Là où on ne peut que saluer le talent de ces jeunes gens, c’est qu’à aucun moment cette évolution ne semble incongrue. Tout d’abord, parce que les influences 60’s n’ont pas totalement disparues et permettent donc un certain liant : Le passage parlé de « Who Can Say » (formidable chanson de rupture) où le chanteur Faris Rotter n’hésite pas à citer un extrait d’un texte du girl group The Shangri-La’s ; Ou le rythme de « I Only Think Of You », fortement inspiré de celui des chansons des Ronettes. L’autre élément, et certainement le plus important, réside dans la production du disque. Certains, parmi les plus chagrins, avaient reproché le trop plein de producteurs (et de production) de Strange House. Cette fois-ci, les Horrors ont travaillé essentiellement avec Geoff Barrow (Portishead) et ont considérablement homogénéisé leur son. A tel point que sur l’intégralité de ce disque, le groupe maîtrise parfaitement cet équilibre rare où tous les instruments se fondent dans un magma sonique tout en restant parfaitement identifiables. Les guitares lézardent les remparts gothiques installés par les claviers, alors que la basse, froide comme l’acier, colle à une batterie macabre pour soutenir le tout. Au milieu de ce sombre maelstrom psychédélique, la voix grave, inquiétante et tendue de Faris, bien décidé à se faire une place dans la catégorie des chanteurs à gorge caverneuse.
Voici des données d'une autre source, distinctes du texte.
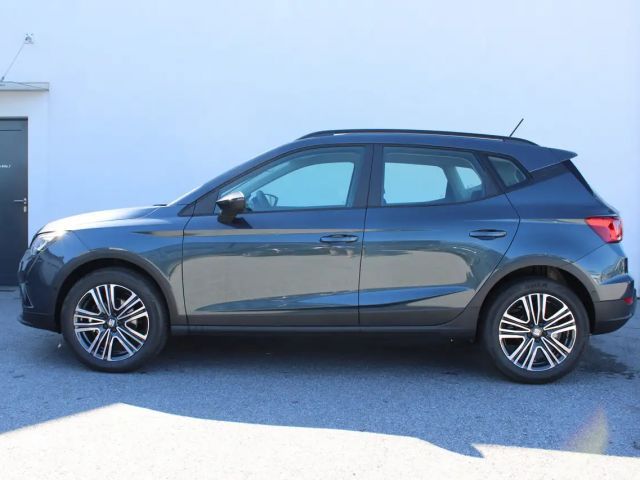 Seat Arona 1.0 TSI DSG Style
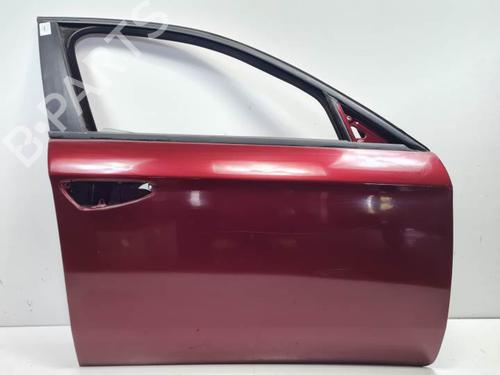 Used Right front door ALFA ROMEO 159 (939_) 1.9 JTDM 16V (939AXC1B, 939AXC12) (150 hp) 28051752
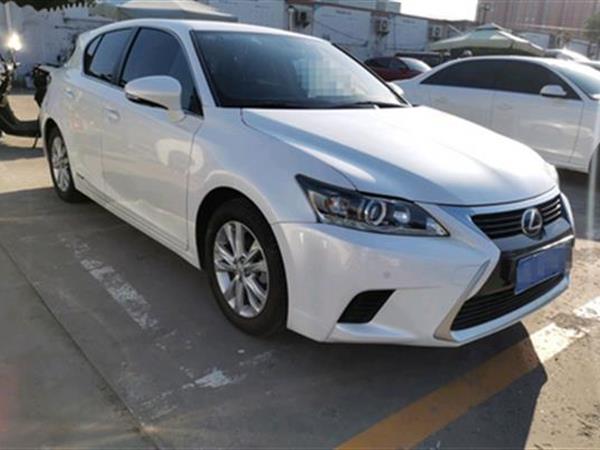 ׿˹CT 2014 200h 1.8L Զ Ӣ棨ɫ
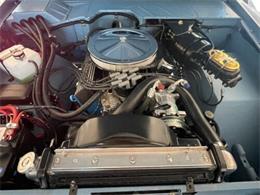 1967 Ford Bronco (CC-1633465) for sale in Cadillac, Michigan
Devant ces ambiances crépusculaires, on pourrait regretter la furie punk d’un « Sheena Is A Parasite » ou la fougue d’un « Count In Five ». Pas longtemps. Le groupe sait faire preuve d’une irritation contenue (« Three Decades ») qui laisse parfois éclater l’orage. A l’image de ce « New Ice Age », dont la rage froide n’est pas sans rappeler celle de Joy Division (est-ce un hasard si le titre même de la chanson fait échos au « Ice Age » du même groupe ?).
Beaucoup ont trop facilement rangé The Horrors dans la catégorie des « groupes qui font plus attention à leur look qu’à leur musique ». Ils prouvent aujourd’hui qu’ils sont de véritables musiciens, inspirés et ambitieux, et s’imposent définitivement dans le trio de tête du brit-rock contemporain.
(Pour l’anecdote amusante, on notera que les Horrors sont peut-être le premier groupe à effectuer un changement de line-up en gardant les mêmes membres : Spider Webb, et Tomethy Furse, respectivement clavier et bassiste sur le premier album, ont décidé de s’échanger leurs instruments sur ce nouvel enregistrement.)
- mirror’s image
- three decades
- who can say
- do you remember
- new ice age
- scarlet fields
- i only think of you
- i can’t control myself
- primary colours
- sea within a sea
Sweeeeeeeeet !!!!!
Belle chronique Mister. Ca m’a donné envie de me pencher sur ce groupe que je ne connaissais absolument pas. Je m’en vais écouter cet album et le précédent du coup.
Il ne faut pas hésiter à dire qu’avec ce disque The Horrors a totalement retourné sa veste.. ils l’ont fait avec un grand talent certes mais ont totalement laissé tombé leur son garage de fou pour une musique extrêmement proche de Joy Division (en un peu plus vaporeux) ou bien Interpol. Ca reste un très bon album sans aucun doute mais assez déroutant pour les fanas des ambiances à la Birthday Party et autres groupes de barjots.